The South Asian region might have oscillated in its importance for the powers that be, but it has never been off the radar in the academic and policy circles of major capitals. Needless to say, the presence of nuclear weapons on the Subcontinent has been a source of intense academic disquisition, as academicians toy with Cold War models and assess their applicability to dynamics in the South Asian theatre.
A lot of quality work has been produced on crises in South Asia since the Kargil conflict of 1999. Crises continue to be analyzed with respect to their escalatory propensities, the role that nuclear weapons and deterrence play in it, and third-party mediation. All analyses rightly point to linkages between the three levels of war along the conflict spectrum. However, the conclusions and pathways are predictable, and so are the patterns. The academic presentation of crises inside the beltway is one that shows Pakistan as the instigator of a crisis. In other words, according to the body of literature, crisis-triggers are in the hands of Pakistan, and India is but a responder. Risks notwithstanding, the escalation ladder follows a linear and choreographed sequence, as if the analyses were written in a South Asian edition of Herman Kahn’s Chef D’oeuvre. Rung-climbing scenarios are rigorously war-gamed to provide more cogency to the understanding of what many call ‘nuclear-tinged crises’. Thus, there is a stasis in the literature and on South Asian crisis dynamics.

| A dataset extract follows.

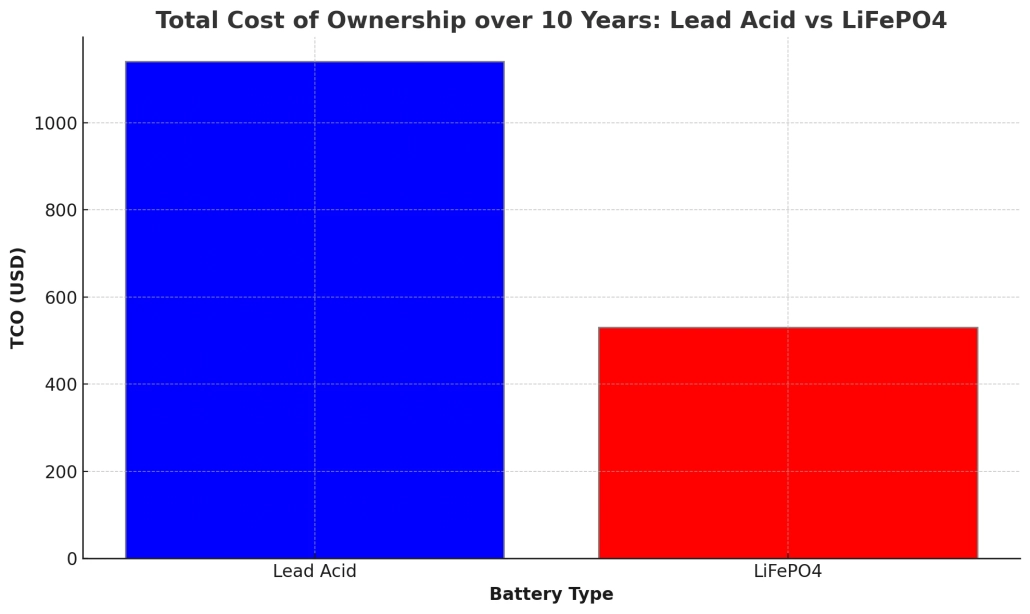 Total cost of ownership over 10 years lead acid vs lifepo4 - manly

While there has been academic acknowledgement of sorts on the crisis behavior and posturing of India, the triggers continue to be ascribed to Pakistan. This is something that calls for revisionism if the study of escalation dynamics has to be enriched, both in terms of theory and policy. But why does the pretext for escalation need to be corrected and fully understood? The answer is a simple one: the stakes and value attached to something that is deemed a trigger are important determinants of crisis behaviors. What happens in a crisis then will depend on where and how the trigger event takes place.
Let’s add, for a change, a new trigger event: India’s forays into Azad Kashmir. Before delving into it further, it is important to clarify that this is not being added to tweak simulation exercises. Its addition to our discourse is not only imperative but also ineluctable. Threats to take Azad Kashmir and even Gilgit Baltistan have been dished out incessantly by Indian political and military leaders. As a matter of fact, statements calling for the ‘reintegration’ of Azad Kashmir and Gilgit Baltistan with India are being heard far more frequently now than ever before.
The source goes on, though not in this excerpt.